The recent Wikileaks / US cables saga, and the previous Iraq leaks saga, illustrate very neatly the problems ahead as we struggle to come to terms with the social media revolution. We are in a place where the world is changing, but we have yet to develop the rules and processes we need to adapt to this new world.
This new world is the world of greater transparency, where almost everything must be considered to exist in the public domain. Like it or not, this world is not going to go away; it follows inevitably from the fact that information cannot now be locked up and contained within institutionalised channels. The ability to publish information is now, as Clay Shirky says, “global, social, ubiquitous and cheap”.
At the heart of the issue is the shift in the nature of trust. In the old world, trust was institutionalised but in the new world it is vested within process. In the old world governments could advance the case that it was only necessary to trust the institution of government (and the various laws, codes, practices associated with this) and this then gave social permission for governments to hide what goes on behind the scenes. The problem with this institutionalised model is that any individual instance where government is found to have breached the rules and shown itself to be unworthy of trust, the whole edifice is in danger of collapse because we have to assume (in the absence of an investigation of process) that the single instance is typical of the whole. It is no coincidence that much of the focus of Wikileaks, which is essentially all about exposure of process, is on Iraq and Afghanistan – two areas where governments have been exposed as having been manipulative and deceitful. Wikileaks has become the process police, essentially saying “we can’t trust you anymore, therefore we need to see everything that has been going on”.
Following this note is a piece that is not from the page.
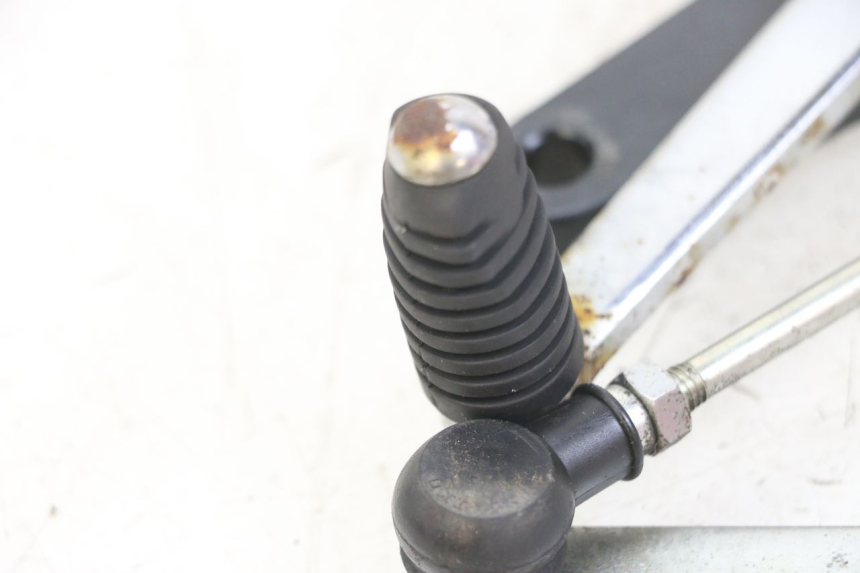 photo de SELECTEUR VITESSE SUZUKI GSX F GSXF 650 (2007 - 2015) - État de surface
Process based trust works in a different way. It is based around having all the information available and supplied in a continual stream with a process in place that sifts, assesses and gives context to all of it. This process is provided by ‘the crowd’ with everyone doing their little bit, in the way in which Wikipedia operates. This is where Wikileaks has gone wrong. The way in which it has released the information does not respect the necessary processes of process driven trust. Instead they have adopted the old institutionalised model that is designed to create the maximum splash and noise in the belief that this is what is necessary to effect change. Its’ biggest failing in this respect has been in its use of traditional media ‘partners’ that it says are on board to provide the necessary context and interpretation. However, the traditional media partners operate to the old mass communication rules. They are not providing context, they are providing sensation. They are packaging up the information into a series of fireworks which they then launch across their front pages – simply because this is the way they operate and they don’t know how (or have the ability) to behave differently. They can’t deal with this information in the way in which this information needs to be dealt.
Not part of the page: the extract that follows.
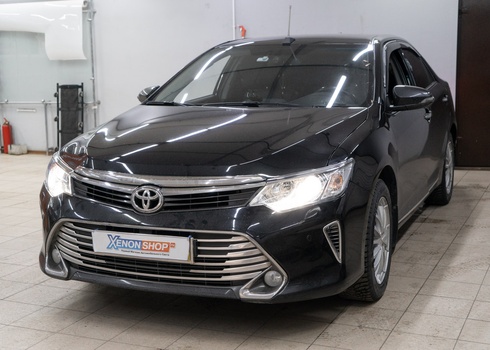 Замена ксеноновых линз Toyota Camry V50 (2015)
The real role for Wikileaks and all other forms of crowd-based information processors is simply To Be not To Splash. These processes need to sit in the background, constantly churning through the minutiae of detail, exposing, amending, checking, in a totally transparent – and therefore trustworthy – way the whole business of government. The simple existence of this process will be what drives real change and creates the social benefit. It is not a ‘Shock Horror’ thing, it is an audit thing – and auditors are not there to expose malfeasance, the process of the audit is there to stop malfeasance in the first place.
When such processes are in place, people that feel they have information that needs to be exposed can submit their contribution to ‘the crowd’ and if it is deemed to be important it will be adopted and if not sufficiently credible, it will drop out of sight. This is how process based trust works and it is not about creating splashes and sensations.
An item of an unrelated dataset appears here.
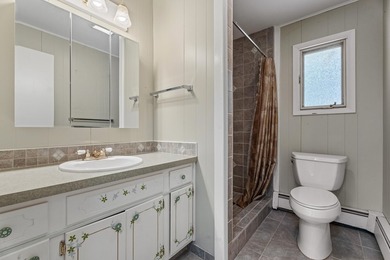Beautiful home overlooking Lake Geneva and the beach on CCR - photo 14
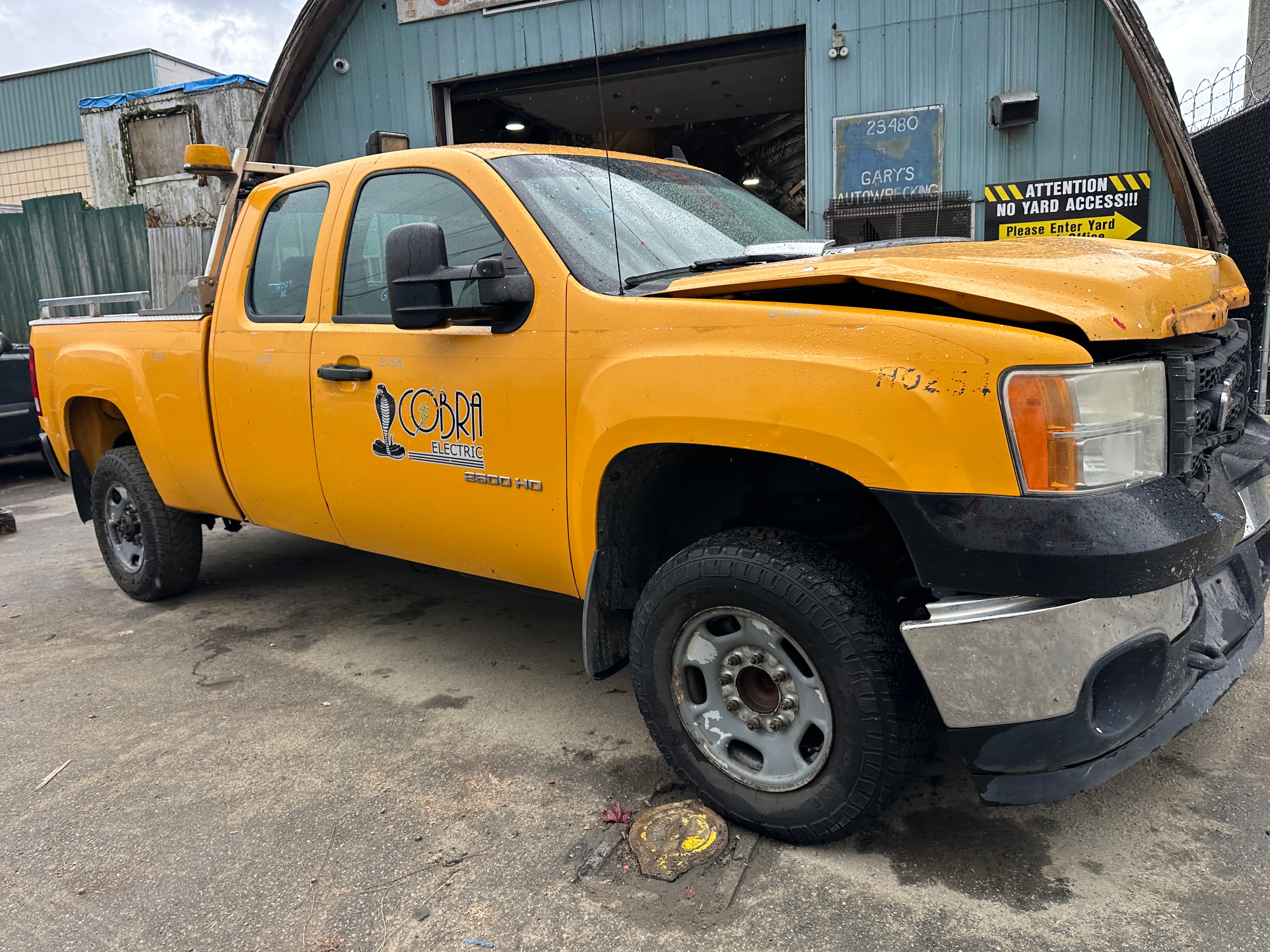 2011 GMC Sierra C2500HD 4.8 – G2529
However, we are not there yet and in all probability are some years off, having established effective process based trust models. But in the meantime there are some important steps which can be taken. For a start, Wikileaks and its ilk need to wean themselves off an attachment to the traditional media and sensational news splashes. They need to recognise that they are about managing a process, they are not about being a news institution. At the same time, governments need to shift away from a denial of what is happening and a position that states that reality needs to change to fit the rules, and recognise instead that the rules need to change to fit the new reality.